These days we pre-pay minutes by plugging our phone numbers into a credit card processing type of widget at our local convenience store. But it used to be that we needed to buy phone cards and so we’d head to the shops festooned with hand-painted lists of phone numbers. My preferred shop was not much more than a hole in the wall, its assortment of local & international (IP) phone cards displayed in a glass case, out front, on the sidewalk. The phone cards listed long strings of numbers, all of which had to be entered into the phone, with various press 1’s & press 2’s, instructions all in chinese. I relied heavily on the kindness of the phone card seller to get me thru this task; while he plugged away on my phone, I pondered the aesthetics of the painted lists.
Across the street from my shop was another, also covered in phone number paintings and a street or two further away was “phone number street,” its every facade bedecked in phone number paintings: long lists of cell phone numbers, the occasional number crossed out or checked, always drawn by brush in red paint with blue, sometimes black, embellishment, always arranged schematically in rows & columns in accordance with some established convention.
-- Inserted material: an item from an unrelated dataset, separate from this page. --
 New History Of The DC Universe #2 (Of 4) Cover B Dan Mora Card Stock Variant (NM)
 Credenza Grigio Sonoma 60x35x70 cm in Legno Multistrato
Besides phone card sales, the business of these shops was a bit of a mystery to me. Why you would buy your phone number there rather than at one of the two phone companies, I didn’t know. Why were only one or two numbers crossed out or checked? Who actually knew what those few marks recorded: the signs never changed over time, no additional checks or crossings out from one visit to the next. And why would you make 150 0085 8588 your entryway number? (Though, admittedly, it's rather magical with its rhymes & symmetries.)
I never thought to ask; I just worked up an explanation to suit myself. Tying the Chinese penchant for numerology to the signs’ wealth of auspicious 8's & 9’s & 5’s and dearth of foreboding 4’s - go ahead, count ‘em - I concluded that they must be… Auspicious Phone Numbers! Since I never asked, no one told me different: Auspicious Phone Number Paintings they were & shall remain. Sometimes the imaginative flight is so much more satisfying than the plain truth.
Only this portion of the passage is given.